### [ACTIVITY]
Pictures stay out of the copy. Transcribe exactly the lines from the line with "セール】33℃ ボンディング切替ダウンブルゾン（ダウンジャケット" through the final line of the records.

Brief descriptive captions

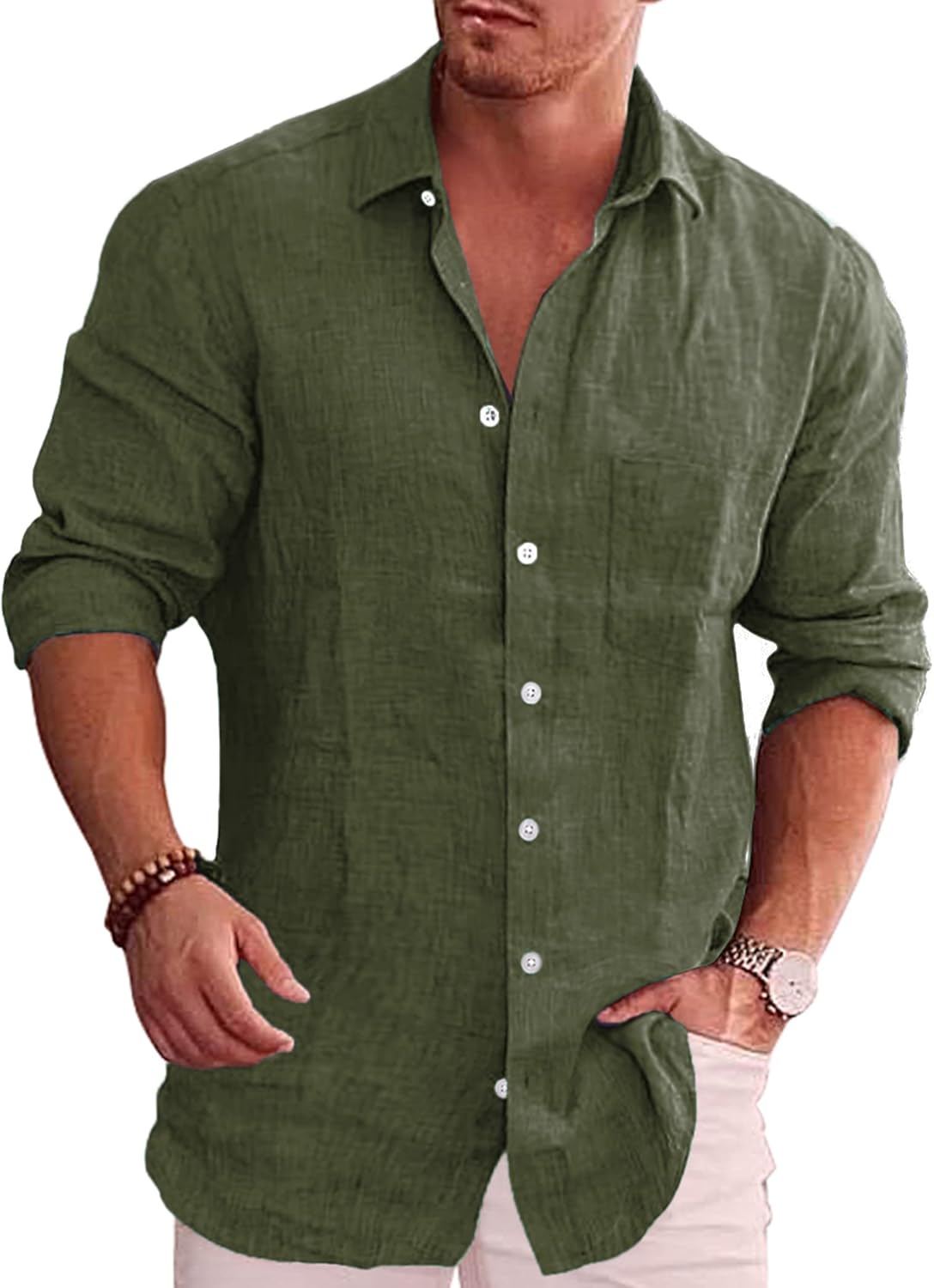 COOFANDY Men's Casual Button Down Shirt for Stylish Comfort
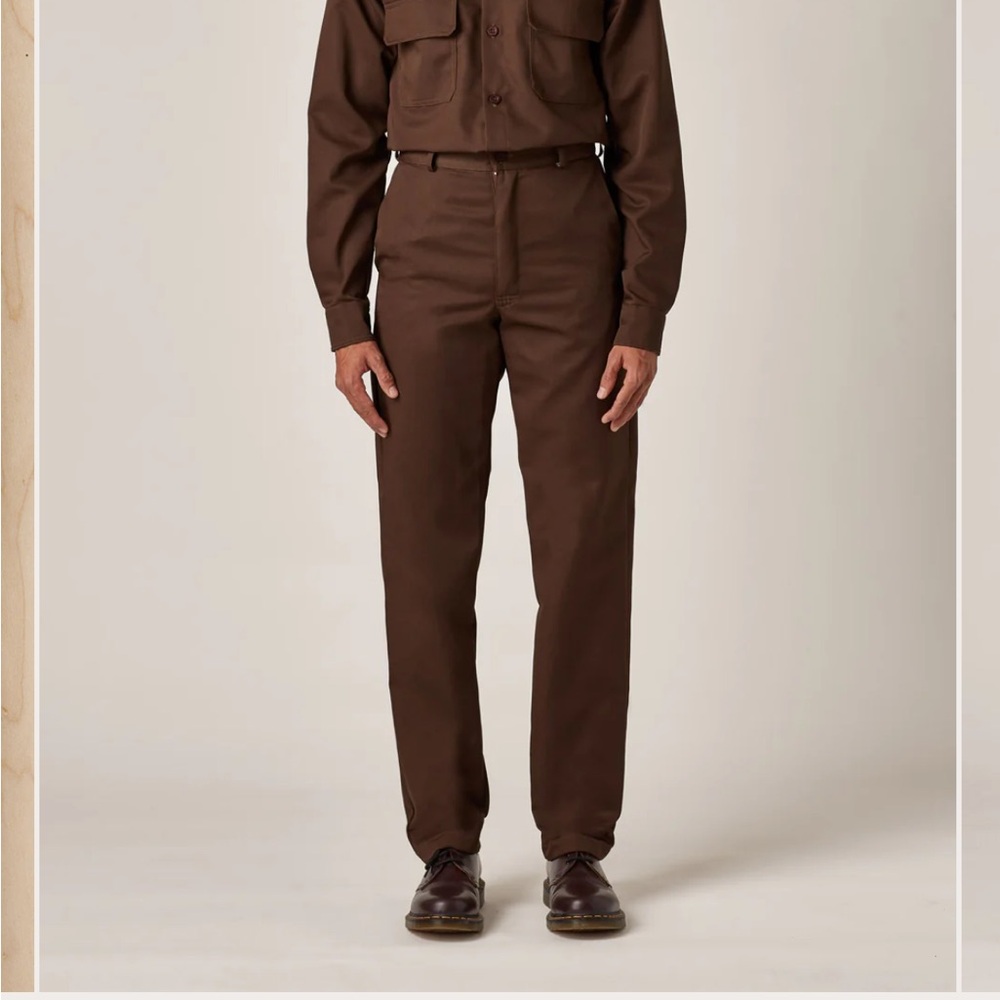 Rosa Rugosa Brown Gwynne Pant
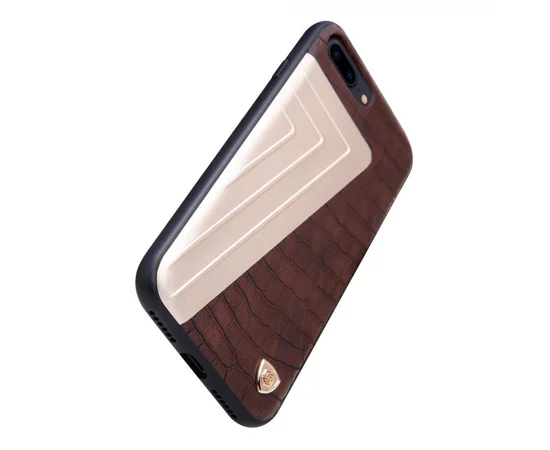 Кожаная накладка Nillkin Hybrid Series для Apple iPhone 7 plus / 8 plus (5.5") Коричневый / Золотой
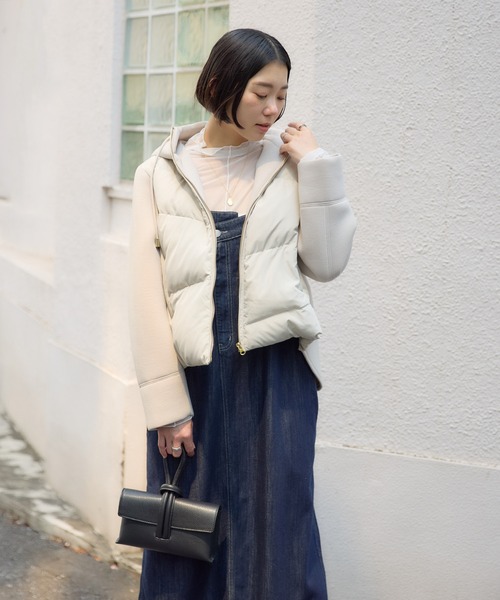 セール】33℃ ボンディング切替ダウンブルゾン（ダウンジャケット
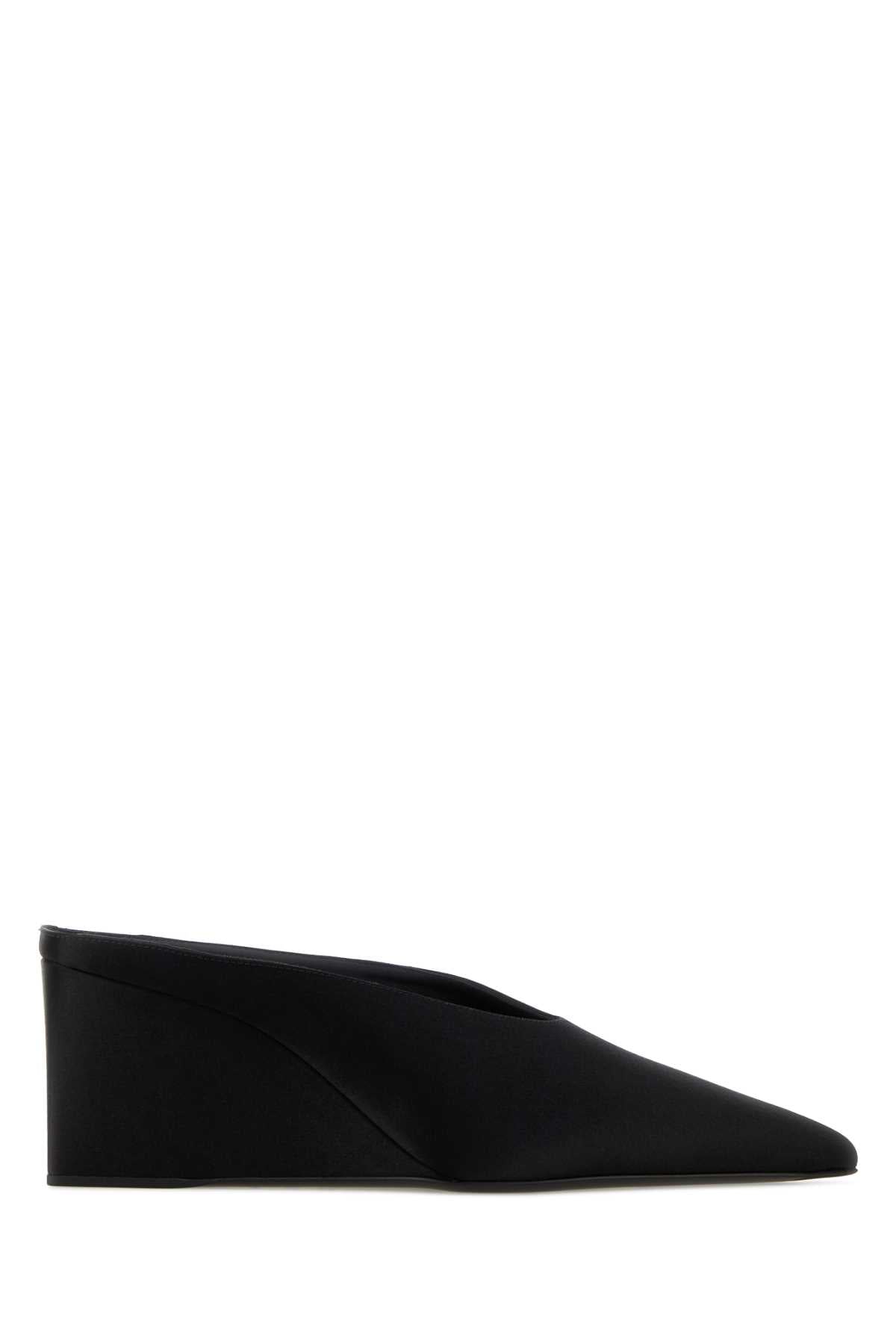 Alaia Women Black Satin Mules ALAIA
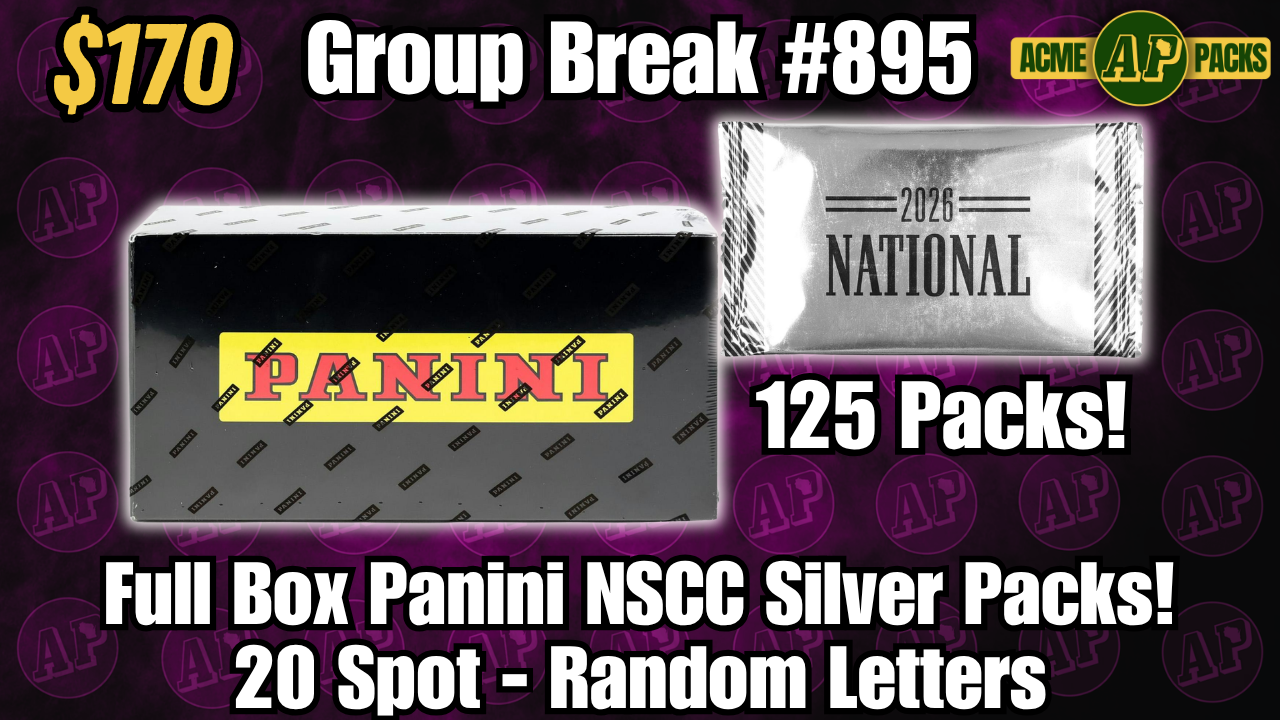 GB895 -Full Box Panini NSCC Silver Packs! - Random Letters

### [YOUR SOLUTION]
 セール】33℃ ボンディング切替ダウンブルゾン（ダウンジャケット
 Alaia Women Black Satin Mules ALAIA
 GB895 -Full Box Panini NSCC Silver Packs! - Random Letters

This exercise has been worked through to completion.